Entre la première fois où tu as entendu parler de la ZAD et aujourd’hui, la manière dont tu la perçois a-t-elle changé ? Si oui, comment ?
J’ai envisagé pour la première fois d’aller sur la Zad en 2012, lorsqu’un ami m’a proposé de le rejoindre à la manif de réoccupation. À l’époque, je me souviens m’être dit que ça devait ressembler à une grosse fête à la campagne. J’avais décliné l’invitation parce mon travail ne me laissait pas le temps de faire la fête ce week-end là. Aujourd’hui je vois les Zad en général et Notre-Dame-des-Landes en particulier comme notre principal sujet d’espoir, comme les lieux concrets qui permettent d’envisager un avenir un tant soit peu joyeux. Donc oui, entre les deux mon regard a changé.
Avant d’y aller, je ne soupçonnais pas du tout la complexité de l’expérience de la ZAD – la richesse, l’intensité et l’originalité de ce que ça fait d’être sur place.

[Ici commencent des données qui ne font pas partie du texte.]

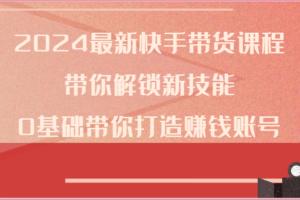 2024最新快手带货课程，带你解锁新技能，0基础带你打造赚钱账号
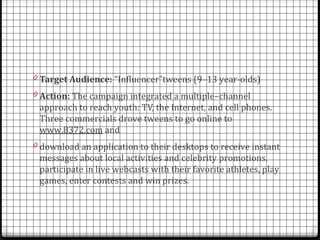 0 Target Audience: “Influencer”tweens (9–13 year-olds)
0 Action: The campaign integrated a multiple–channel
 approach to reach youth: TV, the Internet, and cell phones.
 Three commercials drove tweens to go online to
 www.8372.com and
0 download an application to their desktops to receive instant
 messages about local activities and celebrity promotions,
 participate in live webcasts with their favorite athletes, play
 games, enter contests and win prizes.
 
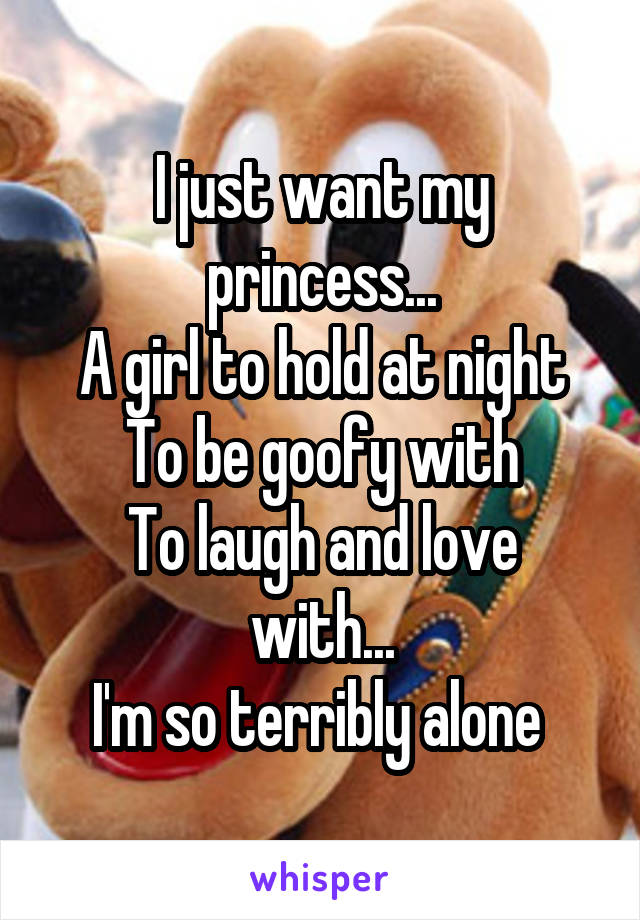 I just want my princess...
A girl to hold at night
To be goofy with
To laugh and love with...
I'm so terribly alone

Je devais penser que l’intérêt de cette lutte tenait à sa finalité – principalement l’abandon du projet d’aéroport – et que le parcours vers cet objectif était fait de souffrances et de discussions politiques pénibles. Je n’imaginais pas que la beauté d’une telle lutte tenait avant tout à la lutte elle-même, à la densité de vie qu’elle procure.
Et pourquoi les ZAD sont-elles notre principal sujet d’espoir ? Un Green New Deald’État qui offrirait de développer les industries des énergies « renouvelables », les emplois « verts » et les technologies « vertes », est-ce un autre « sujet d’espoir » ?
Les ZAD s’en prennent à deux piliers fondamentaux de l’Occident moderne, ceux-là même que le Green New Deal vise à maintenir en place : la Nature-objet et l’indépendance de la sphère économique. Deux fondamentaux qui s’étayent l’un l’autre et qui érigent un rapport au monde incompatible avec une sortie de la crise écologique.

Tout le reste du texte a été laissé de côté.